[[ Data for processing, beginning ]]

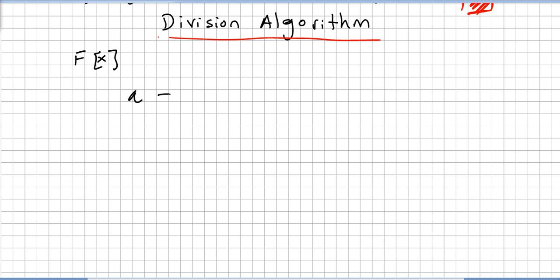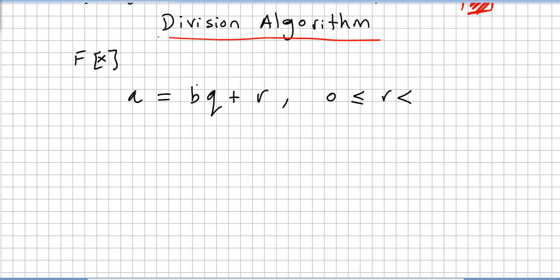The remainder r should be greater than or equal to zero and smaller than b — or absolute value of b, since we can also operate with negative numbers. The division algorithm for the field of polynomials is exactly the same idea.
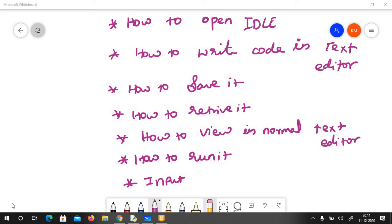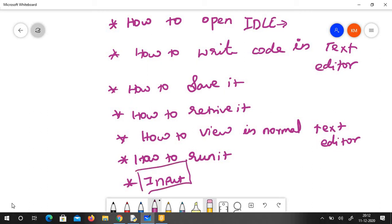Welcome back to Learn Python with Caster Classes. Today we are going to learn about Python IDLE. This is available with the installed Python version, not in Anaconda — we installed the software in the first class. I'll show you how to open it, how to write code in the text editor, how to save and retrieve files, how to view them in a normal text editor like Notepad, and how to run the program. We are also going to see a new command called input.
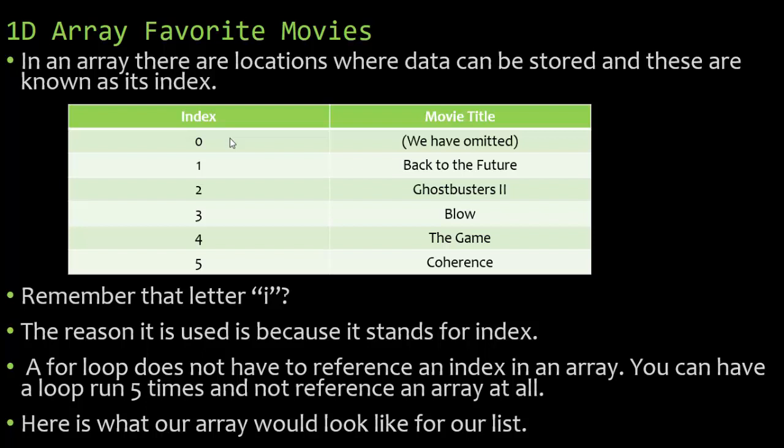If I'm saying hey enter your fourth favorite movie I have to remember that that was actually stored in index 3. The best way to overcome that issue is to simply omit index 0. So I have not put anything in index 0 and that is fine that's not going to break the array.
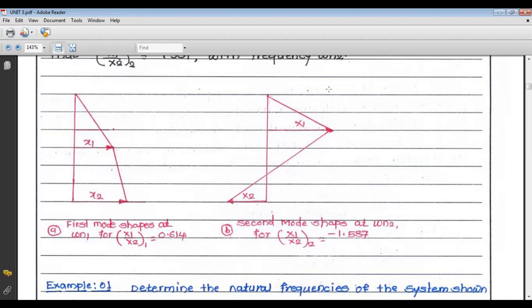This is the diagram for this special case. Similarly, we can have a number of special cases for this system. This is all about today's lecture. Thank you.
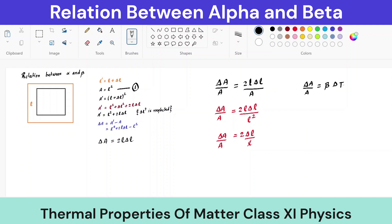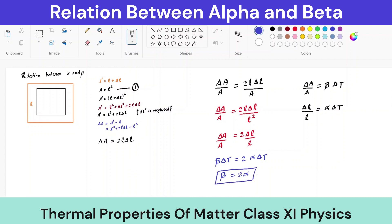Now, delta-A over A equals beta·delta-T, where beta is the coefficient of area expansion, and delta-l over l equals alpha·delta-T, which is the coefficient of linear expansion. Substituting these values: beta·delta-T equals 2·alpha·delta-T. Cancelling delta-T from both sides gives beta equals 2·alpha. This is our relation — the coefficient of area expansion is double the coefficient of linear expansion.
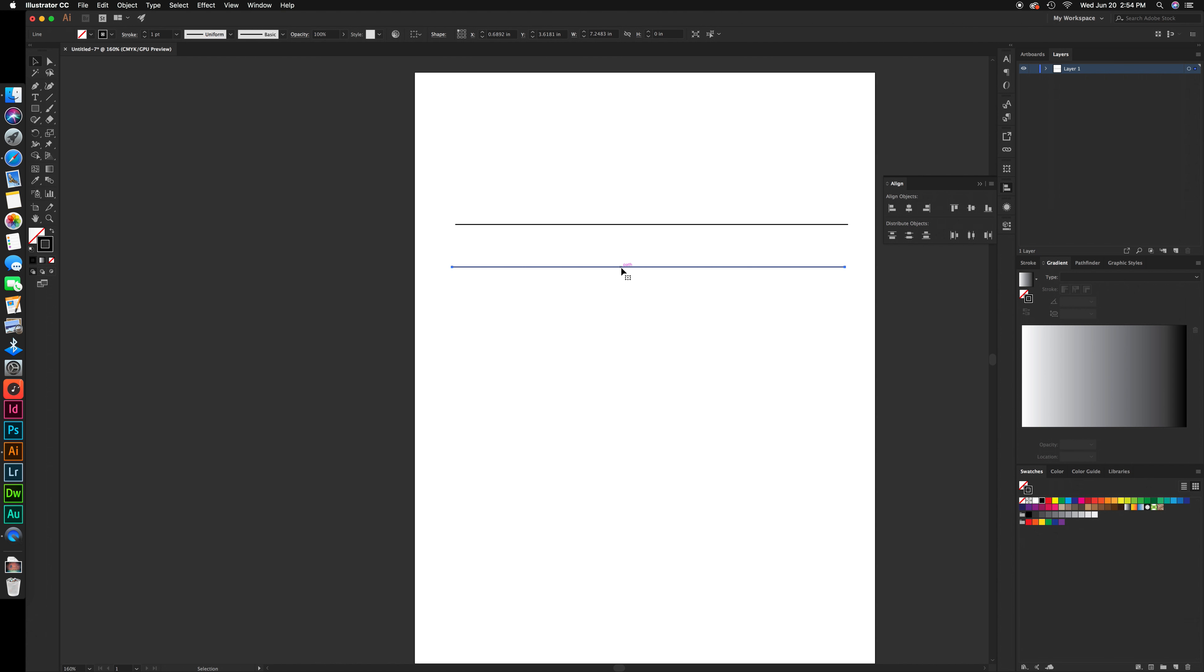Select both of these lines by simply holding shift and clicking on both. Hold alt or option, drag and release.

[[ Data for processing, end ]]

**Exercise goal**.
Output each record above exactly; omit the images.

**Solution to this exercise**.
The remainder r should be greater than or equal to zero and smaller than b — or absolute value of b, since we can also operate with negative numbers. The division algorithm for the field of polynomials is exactly the same idea.
Welcome back to Learn Python with Caster Classes. Today we are going to learn about Python IDLE. This is available with the installed Python version, not in Anaconda — we installed the software in the first class. I'll show you how to open it, how to write code in the text editor, how to save and retrieve files, how to view them in a normal text editor like Notepad, and how to run the program. We are also going to see a new command called input.
If I'm saying hey enter your fourth favorite movie I have to remember that that was actually stored in index 3. The best way to overcome that issue is to simply omit index 0. So I have not put anything in index 0 and that is fine that's not going to break the array.
This is the diagram for this special case. Similarly, we can have a number of special cases for this system. This is all about today's lecture. Thank you.
Now, delta-A over A equals beta·delta-T, where beta is the coefficient of area expansion, and delta-l over l equals alpha·delta-T, which is the coefficient of linear expansion. Substituting these values: beta·delta-T equals 2·alpha·delta-T. Cancelling delta-T from both sides gives beta equals 2·alpha. This is our relation — the coefficient of area expansion is double the coefficient of linear expansion.
Select both of these lines by simply holding shift and clicking on both. Hold alt or option, drag and release.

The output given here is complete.